1 Background Information

Worldwide, red wine is a valuable and highly sought commodity. It is a type of wine made from dark-colored grapes variants. The color of red wine ranges from violet, for younger wines, to brick red for more mature wines. Red wine of high quality is highly valuable in the global market. According to YouGov, a global data company, red wine is more popular than white or rose wine.

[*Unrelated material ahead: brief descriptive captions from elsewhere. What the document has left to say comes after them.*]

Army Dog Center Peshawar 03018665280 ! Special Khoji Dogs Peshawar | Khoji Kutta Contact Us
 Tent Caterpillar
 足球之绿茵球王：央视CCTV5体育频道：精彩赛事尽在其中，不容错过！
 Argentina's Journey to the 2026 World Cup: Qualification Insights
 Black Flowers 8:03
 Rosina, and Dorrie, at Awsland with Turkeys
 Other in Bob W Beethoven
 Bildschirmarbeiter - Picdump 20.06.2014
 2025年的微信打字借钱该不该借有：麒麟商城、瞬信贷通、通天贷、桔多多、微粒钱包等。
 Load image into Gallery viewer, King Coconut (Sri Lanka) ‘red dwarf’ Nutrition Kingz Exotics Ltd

image by Jamie Ballard from YouGov

The quality of wine is determined by its chemical properties. The problem is, a red wine drink has numerous chemical properties that must be adjusted to a certain level to create the highest quality of wine. In this analysis post, we are going to look at ad analyze several notable chemical properties (parameters) of red wine to find out the optimal properties of red wine with the highest qualities

2 Environment Setup and Dataset

2.1 Environment and Library Setup

To assist and perform data wrangling and data visualization process, we are going to use tidyverse Tidyverse is a package that contain several packages commonly used for data sciences. Some of these packages are:

  • dplyr -> Data Wrangling
  • ggplot -> Visualization
  • readr -> Input & Output

Later on, we are also going to use plyr to calcualte median for each group and GGally to calculate and plot correlation analysis results.

2.2 Data Explanation

## 
## -- Column specification --------------------------------------------------------
## cols(
##   `fixed acidity` = col_double(),
##   `volatile acidity` = col_double(),
##   `citric acid` = col_double(),
##   `residual sugar` = col_double(),
##   chlorides = col_double(),
##   `free sulfur dioxide` = col_double(),
##   `total sulfur dioxide` = col_double(),
##   density = col_double(),
##   pH = col_double(),
##   sulphates = col_double(),
##   alcohol = col_double(),
##   quality = col_double()
## )

To get a quick look of the red wine data we can use summary.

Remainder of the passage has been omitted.